Merajut Harmoni Luhur Antara Alam dan Manusia dari Subak Bali

By Afkar Aristoteles Mukhaer, Rabu, 10 April 2024 | 09:00 WIB
Subak merupakan sistem ekologi yang berkeadilan antara kebutuhan manusia dan pelestarian alam. Sistem ini sudah diwariskan sejak sebelum kedatangan agama Hindu oleh masyarakat Bali. Ada pun sistem ini merupakan cerminan salah satu demokrasi tertua di dunia dalam pembagian tanah. (Yunaidi Joepoet)

Kemudian pengetahuan ini diwariskan pada periode selanjutnya. Dalam prasasti Pengotan Bali dari 1069, raja harus mengelola subak dan peduli pada konservasi. Kepengurusan harus memandang lanskap Bali harus dilindungi, termasuk masalah hidrologi.

"Secara hierarki, raja-raja berikutnya mengikuti. Tujuannya adalah menyelamatkan air dari Gunung Batur, untuk hilirisasi subak," terang Made.

Prasasti itu terdiri dari peraturan, termasuk Kayu Larangan, tidak boleh menebang pohon-pohon tertentu. Kayu juga tidak boleh menghalangi aliran sungai. Inilah konsep berkeadilan terhadap lingkungan yang ditekuni masyarakat Bali sejak dulu.

Ada pun beberapa prasasti yang menyebutkan "suwak" yang merupakan asal kata subak. Salah satunya prasasti Pandak Badung dari tahun 1071. Prasasti itu merujuk pada nama Subak Talaga. 

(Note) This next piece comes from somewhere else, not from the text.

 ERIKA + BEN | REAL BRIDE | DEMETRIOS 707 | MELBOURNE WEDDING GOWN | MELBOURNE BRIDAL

Pola sawah dalam jaringan irigasi subak di Bali melingkar, seperti konsep pemahaman masyarakat akan posisinya dengan alam. Mereka memusatkan hubungan harmoni antara Buana Agung (Bumi) dan Alit (manusia) yang sebenarnya satu kesatuan. Jika bagian dalam ini terpisah dari habitat sekitar, akan ada ancaman bencana.

"Itu pelajaran berharga yang diwarisi leluhur. Di Indonesia banyak dari ratusan suku bangsa yang memiliki nilai tradisi seperti ini," jelasnya. "Berkelanjutan ini bukan hanya mewarisi tradisi, tetapi bagaimana tradisi itu melakukan atau me-protect alam supaya generasi berikutnya bisa memanfaatkan. Itu upaya sustainable."

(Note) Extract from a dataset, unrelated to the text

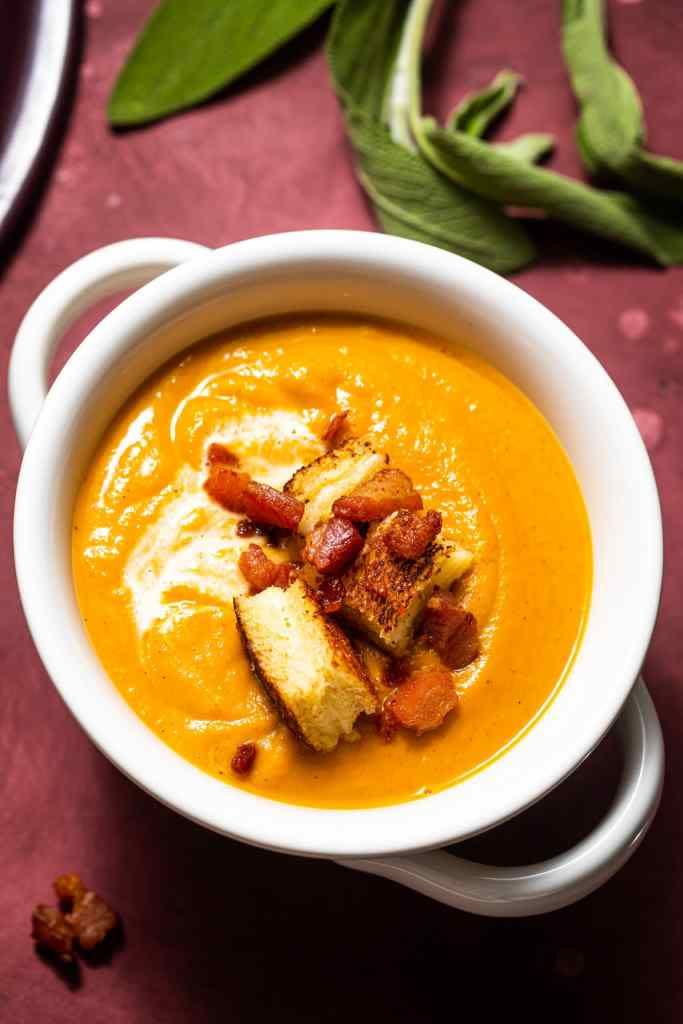 Roasted Sweet Potato Soup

Subak untuk Konservasi Dunia

Bersama Harry, Made memperkirakan bahwa sistem seperti ini sangat mungkin untuk diterapkan secara universal. Pasalnya, leluhur manusia sudah memikirkan sistem irigasi begitu mengenal pertanian.

Misalnya, masyarakat di Nusa Tenggara Timur mengenal irigasi dengan pola sawah lingko todo seperti jaring laba-laba yang dapat membagi air secara merata ke setiap petak sawah.

Ada pun Tiongkok mengenal sistem xinghua duotioan yang membuka aliran lebar, menyeluruh untuk membasahi petak sawah, sekaligus mencegah banjir. Begitu pula terasering sawah padi Bnaue di Filipina.

"Budaya tentang pengelolaan air itu sudah ada di berbagai masyarakat, bukan saja di Bali, Jawa, dan daerah Asia," terang Made. "Ada rekayasa ekologi di situ. Masyarakat di situ ada tradisi konservasi ekologi dengan membuat irigasi seperti itu. Ini juga mencegah dari alih fungsi [lahan pertanian]."

Kekayaan pengetahuan subak di Bali perlu diperhatikan untuk tetap lestari. Bali modern menjadi tempat destinasi wisata yang memikat bagi masyarakat penjuru dunia karena keindahan alam dan spiritualitasnya.

Made menyarankan, subak bisa menjadi wisata edukasi keberlanjutan berbasis tradisi. Dengan demikian, pengetahuan ini bisa terlebar luas dan berpeluang untuk diterapkan di tempat lain sebagai upaya menjaga hubungan alam dan manusia.